Quisiéramos que ese diálogo fuese más intenso, y que el espacio común del idioma se volviera mucho más terrenal, más fácilmente transitable. Quizás porque nuestro mundo común ha sido creado por la literatura, y no por el comercio del carbón y el acero, notamos con frecuencia que nos sobran palabras y nos faltan hechos, y que los vapores de un idioma demasiado sonoro y demasiado meloso nos aletargan la conciencia, la capacidad de juzgar y actuar. Celebramos con euforia estadística lo cientos de millones de hablantes que tiene nuestra lengua, pero no advertimos que falta mucho aún para que nuestras mejores creaciones alcancen la visibilidad que merece en los repertorios de la cultura universal, en los cuales tenemos una presencia muy limitada, y muchas veces desfigurada también por la caricatura de lo exótico. Los idiomas no existen fuera de las personas que los hablan: el porvenir del español no puede estar en la demografía, sino en el progreso, en la justicia social y en la educación que mejorarán la vida y por lo tanto las capacidades expresivas de quienes lo hablan.
El enemigo del español no es el inglés, sino la pobreza. Lo que amenaza a la literatura y a los libros es la ignorancia y el abandono de la educación, no el Internet. La amplitud y la unidad de la lengua contrastan con la fragmentación de las literaturas que se escriben en ella, de la que sólo escapan unos pocos libros, unos pocos autores. Necesitamos mejores escuelas y mejores bibliotecas para tener más lectores: pero también necesitamos tejidos editoriales lo bastante vigorosos como para establecer de verdad un mercado común de los libros, no sólo entre España y América Latina, sino también en el interior de América, donde los libros son algunas de las mercancías que viajan más difícilmente. Necesitamos periódicos que informen con una perspectiva de verdad hispánica y revistas culturales que tengan esas virtudes que casi siempre nos faltan, rigor generoso, amplitud de miras, entusiasmo eficiente.
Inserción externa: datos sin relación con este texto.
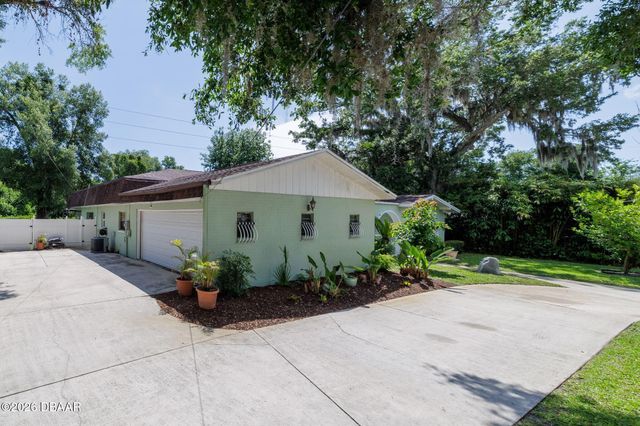 5 Pebble Beach Drive, Ormond Beach, FL 32174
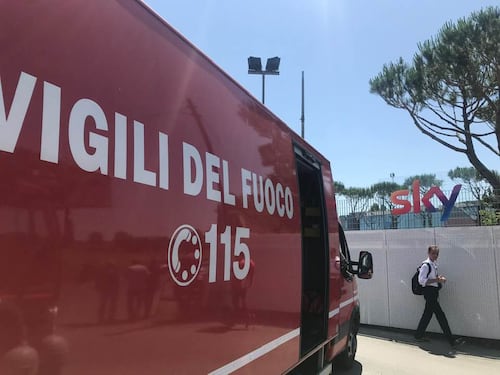Fiamme negli ex studi di Sky sulla Salaria, palazzina evacuata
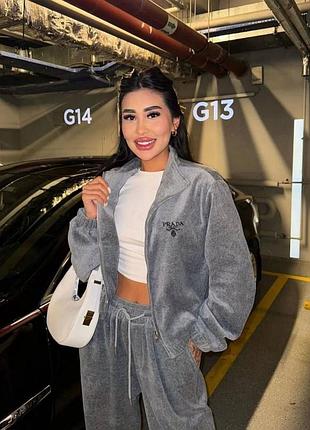 Спортивный костюм велюр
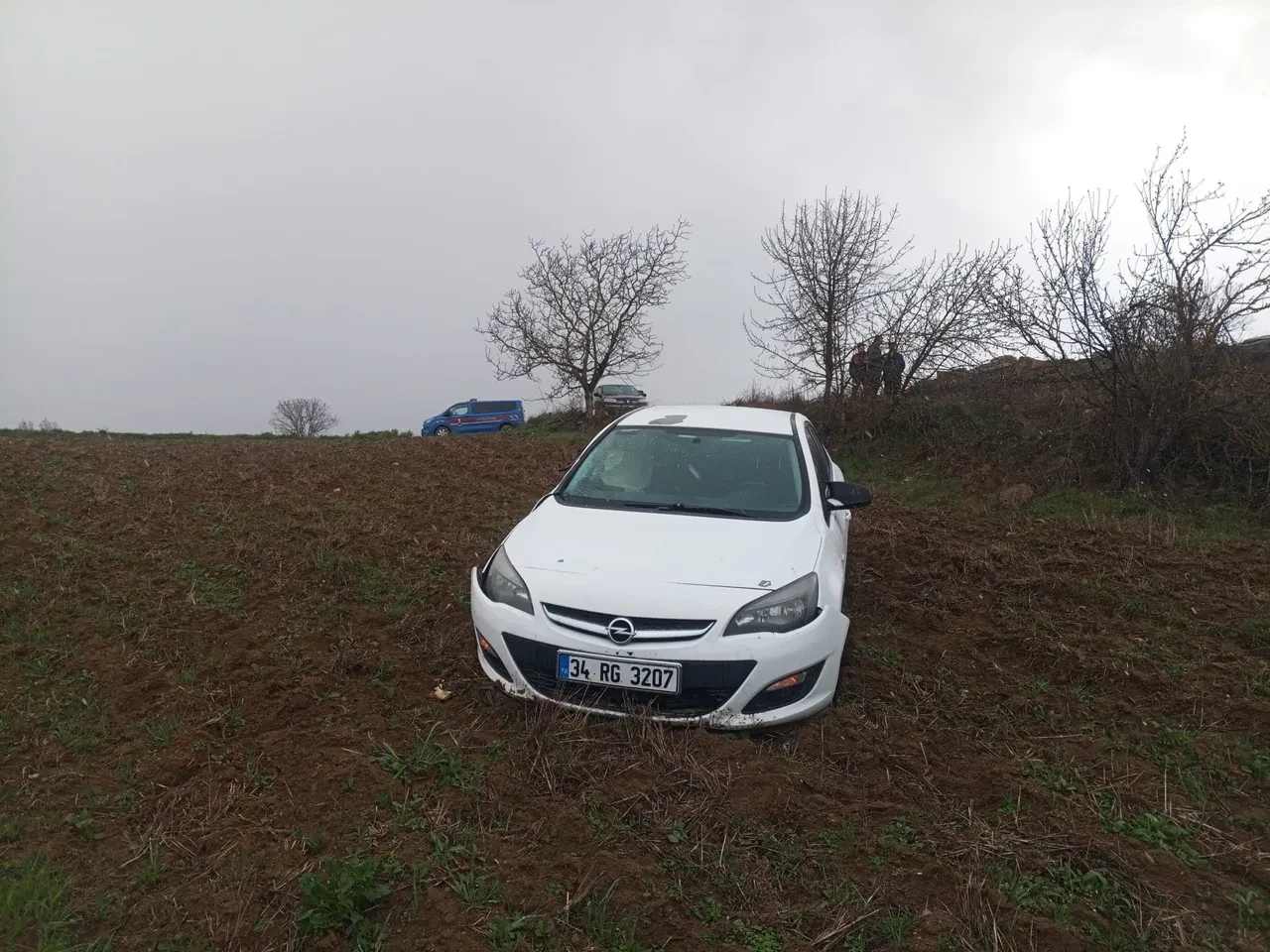 Kontrolden çıkan otomobil tarlaya uçtu, sürücü ağır yaralandı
Necesitamos que ni los chantajes de la tiranía ni los del terrorismo pongan límites a la libertad de expresión. La mejor literatura en español la ha escrito gente que cruzaba fronteras, que escribía sobre Macondo en México o sobre la Amazonía peruana en Barcelona, sobre Cuba en Nueva York, o en Londres, sobre Benarés en Buenos Aires, sobre Santa María en Madrid. Necesitamos inocularnos contra la facilidad verbosa y la autoindulgencia del estilo con la disciplina de la sequedad expresiva. Son propósitos literarios, pero en el fondo son deseos políticos. Si tantos de nosotros nos hicimos lectores y algunos incluso llegamos a cumplir el sueño de hacernos escritores gracias al ejemplo de la generación de Gabriel García Márquez, también necesitamos que se haga práctica y tangible la ciudadanía por ahora quimérica que hemos podido soñar gracias a la literatura.